平和なお茶会
モブ令嬢 第三王子ルートエンドのスタートです!
モブ令嬢であるモニカはヒロインシエナに出会って乙女ゲームについて思い出した。やんちゃで生意気な攻略対象の第三王子殿下を見事ヒロインに押し付けられるのか?
そんなお話です。
登場人物
モニカ バージェス公爵家に養子に来た女の子。モブ令嬢。ど田舎育ちでお金にシビア。
シエナ このゲームのヒロイン。天が二物以外も与えまくった完璧な少女(モニカ談)
リチャード 第三王子殿下。今のところモニカの婚約者。
アリアドネ 王女殿下。王妃様の2人目の御子。
私はうっとりと目の前の美少女を鑑賞しながら紅茶をすすり公爵夫人を待っていた。マフィンを口に運ぶ様子がかわいらしい。口の端についた食べかすさえかわいらしい。この子のためなら侍女の仕事も取ってしまいそうだ。
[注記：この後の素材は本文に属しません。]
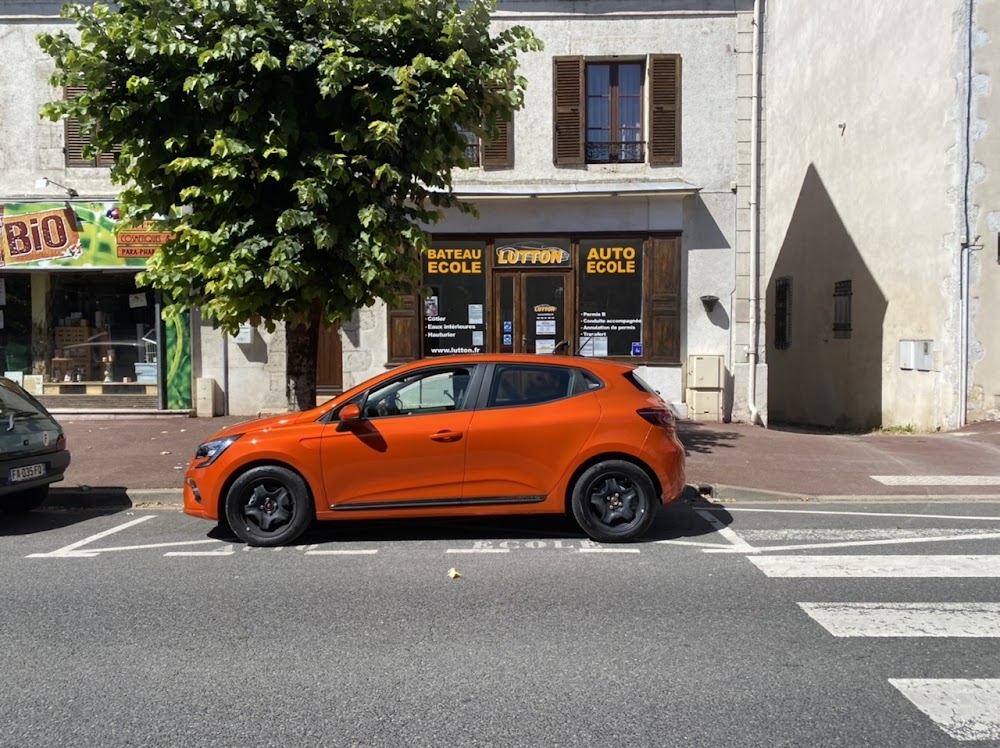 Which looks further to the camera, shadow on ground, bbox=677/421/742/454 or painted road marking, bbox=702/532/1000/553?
shadow on ground, bbox=677/421/742/454

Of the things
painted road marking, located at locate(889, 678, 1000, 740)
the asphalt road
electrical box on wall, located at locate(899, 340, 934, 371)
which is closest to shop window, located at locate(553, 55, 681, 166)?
electrical box on wall, located at locate(899, 340, 934, 371)

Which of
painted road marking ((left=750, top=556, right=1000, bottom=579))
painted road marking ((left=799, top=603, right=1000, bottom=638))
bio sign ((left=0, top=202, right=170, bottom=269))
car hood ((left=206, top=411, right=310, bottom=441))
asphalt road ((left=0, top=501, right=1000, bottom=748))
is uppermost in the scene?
bio sign ((left=0, top=202, right=170, bottom=269))

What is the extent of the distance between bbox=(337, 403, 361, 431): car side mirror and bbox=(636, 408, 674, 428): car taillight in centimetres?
228

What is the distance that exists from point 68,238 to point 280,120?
7.66m

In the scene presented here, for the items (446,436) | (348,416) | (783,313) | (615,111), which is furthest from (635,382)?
(783,313)

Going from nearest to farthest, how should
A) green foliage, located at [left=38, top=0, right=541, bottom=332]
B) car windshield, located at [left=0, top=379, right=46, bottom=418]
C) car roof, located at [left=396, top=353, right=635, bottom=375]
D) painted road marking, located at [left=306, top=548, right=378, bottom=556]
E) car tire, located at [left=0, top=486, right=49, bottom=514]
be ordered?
1. painted road marking, located at [left=306, top=548, right=378, bottom=556]
2. car roof, located at [left=396, top=353, right=635, bottom=375]
3. green foliage, located at [left=38, top=0, right=541, bottom=332]
4. car windshield, located at [left=0, top=379, right=46, bottom=418]
5. car tire, located at [left=0, top=486, right=49, bottom=514]

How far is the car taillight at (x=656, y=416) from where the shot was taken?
21.5 ft

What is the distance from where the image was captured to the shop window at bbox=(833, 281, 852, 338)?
627 inches

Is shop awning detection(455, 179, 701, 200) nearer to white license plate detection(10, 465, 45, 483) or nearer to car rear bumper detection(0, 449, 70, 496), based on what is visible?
car rear bumper detection(0, 449, 70, 496)

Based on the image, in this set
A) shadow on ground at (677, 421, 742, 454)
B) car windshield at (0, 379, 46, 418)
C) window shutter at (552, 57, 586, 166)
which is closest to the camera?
car windshield at (0, 379, 46, 418)

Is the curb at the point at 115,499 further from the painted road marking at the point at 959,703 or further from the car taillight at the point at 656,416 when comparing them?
the painted road marking at the point at 959,703

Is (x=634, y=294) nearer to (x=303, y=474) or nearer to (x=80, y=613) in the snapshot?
(x=303, y=474)

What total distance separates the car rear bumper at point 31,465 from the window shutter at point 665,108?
977 centimetres

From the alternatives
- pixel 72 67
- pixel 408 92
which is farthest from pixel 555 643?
pixel 72 67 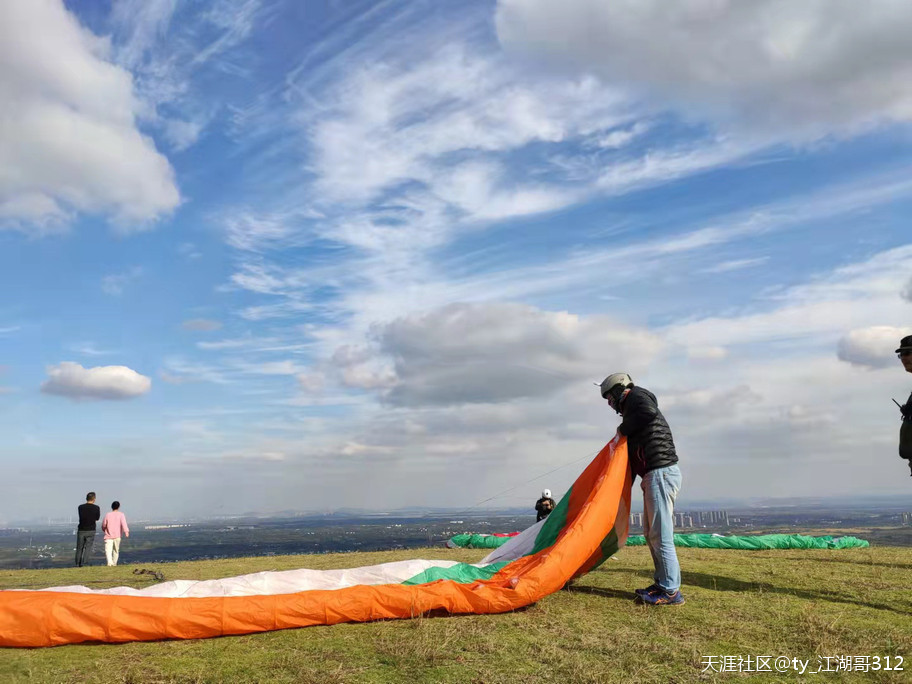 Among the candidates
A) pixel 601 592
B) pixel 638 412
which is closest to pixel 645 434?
pixel 638 412

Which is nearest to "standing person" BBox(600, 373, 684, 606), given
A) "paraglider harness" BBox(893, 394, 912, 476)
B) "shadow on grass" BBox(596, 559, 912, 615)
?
"shadow on grass" BBox(596, 559, 912, 615)

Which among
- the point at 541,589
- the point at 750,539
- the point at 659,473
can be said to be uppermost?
the point at 659,473

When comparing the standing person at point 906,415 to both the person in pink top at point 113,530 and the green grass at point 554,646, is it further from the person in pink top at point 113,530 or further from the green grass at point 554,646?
the person in pink top at point 113,530

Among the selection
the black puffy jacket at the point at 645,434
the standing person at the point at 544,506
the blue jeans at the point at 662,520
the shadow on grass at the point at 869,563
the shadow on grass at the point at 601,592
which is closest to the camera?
the blue jeans at the point at 662,520

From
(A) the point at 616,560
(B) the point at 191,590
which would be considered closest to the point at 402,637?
(B) the point at 191,590

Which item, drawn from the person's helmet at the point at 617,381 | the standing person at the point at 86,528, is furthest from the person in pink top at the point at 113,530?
the person's helmet at the point at 617,381

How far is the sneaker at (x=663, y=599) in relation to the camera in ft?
22.9

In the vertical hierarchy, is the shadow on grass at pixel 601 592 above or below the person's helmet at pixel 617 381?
below

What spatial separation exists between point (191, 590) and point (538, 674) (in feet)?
12.9

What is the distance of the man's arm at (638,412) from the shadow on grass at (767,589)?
7.83ft

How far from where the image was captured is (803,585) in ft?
27.7

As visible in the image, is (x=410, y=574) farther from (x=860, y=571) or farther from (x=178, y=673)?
(x=860, y=571)

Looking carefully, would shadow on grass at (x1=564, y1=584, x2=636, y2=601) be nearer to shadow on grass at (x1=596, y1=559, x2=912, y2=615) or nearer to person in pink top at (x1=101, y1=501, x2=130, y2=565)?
shadow on grass at (x1=596, y1=559, x2=912, y2=615)

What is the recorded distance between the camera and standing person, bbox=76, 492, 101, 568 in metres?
16.8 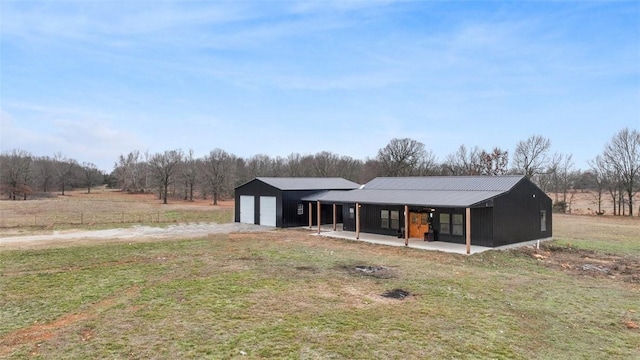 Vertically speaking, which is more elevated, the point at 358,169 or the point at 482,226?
the point at 358,169

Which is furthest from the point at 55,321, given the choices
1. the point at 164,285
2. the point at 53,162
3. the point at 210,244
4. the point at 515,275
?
the point at 53,162

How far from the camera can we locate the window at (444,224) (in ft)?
59.9

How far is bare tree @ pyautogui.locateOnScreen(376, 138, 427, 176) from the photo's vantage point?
53219 mm

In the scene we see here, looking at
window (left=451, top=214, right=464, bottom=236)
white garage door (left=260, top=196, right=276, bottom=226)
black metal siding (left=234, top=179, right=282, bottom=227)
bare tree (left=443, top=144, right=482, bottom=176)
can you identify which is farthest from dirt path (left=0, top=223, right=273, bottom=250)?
bare tree (left=443, top=144, right=482, bottom=176)

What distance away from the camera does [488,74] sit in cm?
2566

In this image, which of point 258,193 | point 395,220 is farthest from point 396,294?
point 258,193

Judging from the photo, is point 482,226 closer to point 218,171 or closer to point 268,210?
point 268,210

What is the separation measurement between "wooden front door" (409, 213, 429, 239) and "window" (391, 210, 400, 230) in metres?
0.69

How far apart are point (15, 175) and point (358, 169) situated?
50.2 metres

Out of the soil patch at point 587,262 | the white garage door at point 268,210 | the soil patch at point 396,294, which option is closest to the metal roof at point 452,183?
the soil patch at point 587,262

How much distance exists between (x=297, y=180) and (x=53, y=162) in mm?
66454

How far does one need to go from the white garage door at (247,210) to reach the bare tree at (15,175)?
4247 centimetres

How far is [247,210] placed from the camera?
28.2 metres

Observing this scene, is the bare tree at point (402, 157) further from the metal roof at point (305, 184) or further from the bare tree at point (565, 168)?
the metal roof at point (305, 184) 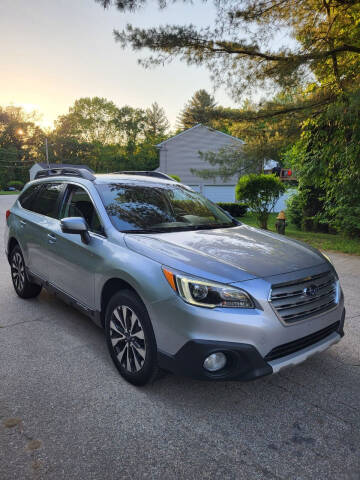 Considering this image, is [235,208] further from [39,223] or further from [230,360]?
[230,360]

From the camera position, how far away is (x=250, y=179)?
40.9 feet

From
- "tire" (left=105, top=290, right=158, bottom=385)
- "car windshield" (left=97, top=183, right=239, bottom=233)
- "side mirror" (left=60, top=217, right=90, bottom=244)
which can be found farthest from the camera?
"car windshield" (left=97, top=183, right=239, bottom=233)

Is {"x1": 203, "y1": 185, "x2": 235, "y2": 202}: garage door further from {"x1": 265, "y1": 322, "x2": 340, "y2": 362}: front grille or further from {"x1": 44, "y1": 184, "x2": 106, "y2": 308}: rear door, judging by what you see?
{"x1": 265, "y1": 322, "x2": 340, "y2": 362}: front grille

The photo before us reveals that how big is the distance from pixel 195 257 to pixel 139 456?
1.34 m

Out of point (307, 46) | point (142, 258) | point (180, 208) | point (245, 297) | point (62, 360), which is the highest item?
point (307, 46)

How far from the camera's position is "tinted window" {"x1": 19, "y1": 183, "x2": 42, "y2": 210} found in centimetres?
480

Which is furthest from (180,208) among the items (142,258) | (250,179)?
(250,179)

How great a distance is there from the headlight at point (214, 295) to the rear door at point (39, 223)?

「シエナ様こちらのジャムをつけて食べてもおいしいですよ。おつけいたしましょうか?」
「うん!」
「どちらのジャムにいたしますか?ラズベリーとマーマレードがございます。」
「モニカはどっちが好き?」
「わたくしですか?わたくしはラズベリーですね。」
「じゃあラズベリーにする。」
にこにこと笑うシエナ様は本当に天使だった。さすがヒロイン。ピンク色のワンピースがとても似合っている。天使の羽がないのが不思議なくらいだ。
「あらあら仲が良くなって。モニカはいいお姉さんね。」
「いえ、シエナ様が可愛すぎるんです。天使のお世話ができるなんて幸せです。」
「フフフ、もう、モニカったら。」
そう笑う公爵夫人はとてもきれいだった。まるで豊穣の女神さまだ。きれいな金髪に慈愛に満ちたほほえみで、いつも穏やかなこの人は、私のあこがれの淑女だった。どうあがいてもこんな人に私は成れないが、雰囲気だけでも真似してみたい。私に頭をひと撫でするとシエナ様の隣に座った。
「さあさあシエナちゃん私がジャムを塗ってあげますから。モニカは自分のを食べなさいな。」
「はい、いただきます。」
「はーい、おばさまあれ取って!」
「はいはい、これかしら。」
私は目の前のクッキーを一口食べる。さて、シエナ様を王宮に連れて行くのはどう切り出すか。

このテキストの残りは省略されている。